This is a positive development from Tuluntulu’s perspective and it places the developing world, and technology designed for the developing world, in the global spotlight. The two largest and fastest growing mobile markets globally are Asia and Africa respectively. Video consumption and Internet access globally, via online and on mobile devices, is increasing at exponential rates. YouTube now has 6-billion views per month, a quarter of which are on mobile devices. In southern Africa YouTube aggregate views grew by 90% in the past 12 months, but this was off a very low base.
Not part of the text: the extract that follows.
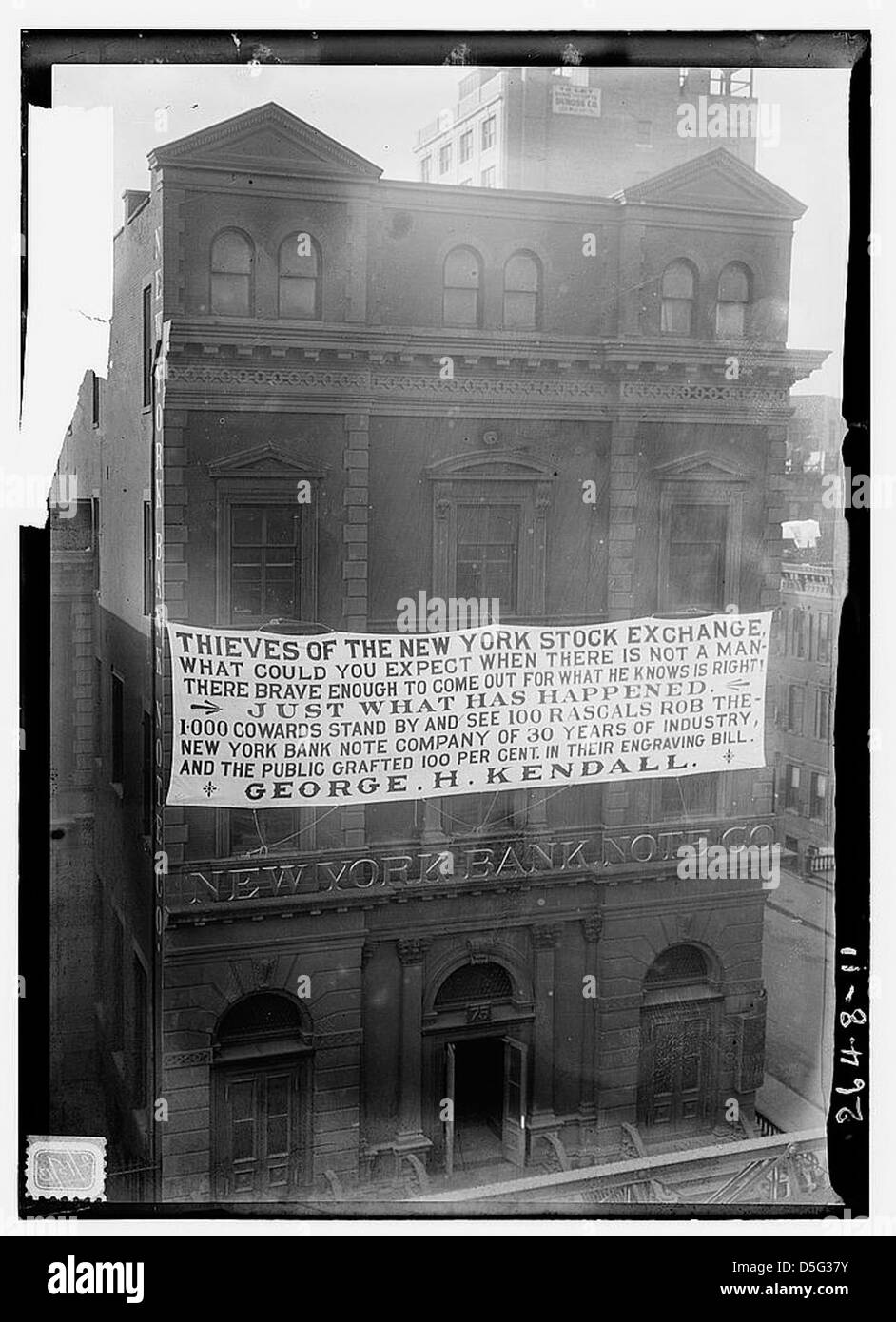 A 20th-century notice from the New York Bank Note Company, featuring a building banner along Sixth Avenue, symbolizing capitalism and the financial sector in New York City during that period. Stock Photo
The consumption of video on mobile devices using mobile networks (not Wi-Fi) in developing countries has not grown in line with these global trends as the dominant form of connection is via mobile networks. This is due to video not being suited to the low bandwidth networks that exist in developing countries.
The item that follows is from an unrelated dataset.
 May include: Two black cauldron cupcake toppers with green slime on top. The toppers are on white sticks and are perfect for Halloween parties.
There are patents registered in five countries or regions globally on the ARTIST technology, which includes elements of data compression.
The ARTIST technology can deliver unbroken video at about 30kbps. Current competing technologies do not perform well in low rate Internet infrastructures between 30kbps to 300kbps and, more particularly, where the throughput rate is rapidly varying within this range from one second to the next (as is common in all mobile cellular networks).
Tuluntulu’s research has revealed no other company globally that claims to be able to deliver unbroken video streams at below 100kbps. Tuluntula believes it holds the technology key to mobile video distribution in the developing world – and can unlock education, information and entertainment content distribution that can have a huge social impact on the people who live in these countries.
The technology was developed by a consortium funded by TIA (Technology Innovation Agency) consisting of CSIR South Africa, University of Cape Town and ECA that started developing the solution to the video distribution problem in 2007. The CSIR’s Dr Keith Ferguson led the team.
The solution was specialised technology known as ARTIST that allows streaming video to be viewed on mobile devices, in low bandwidth or congested environments. ARTIST utilizes patented technology to deliver unbroken standards-based live video streams with fully integrated social media interactivity. The solution covers the entire media value chain from video content ingestion to a fully adaptive and scalable service and mobile device applications.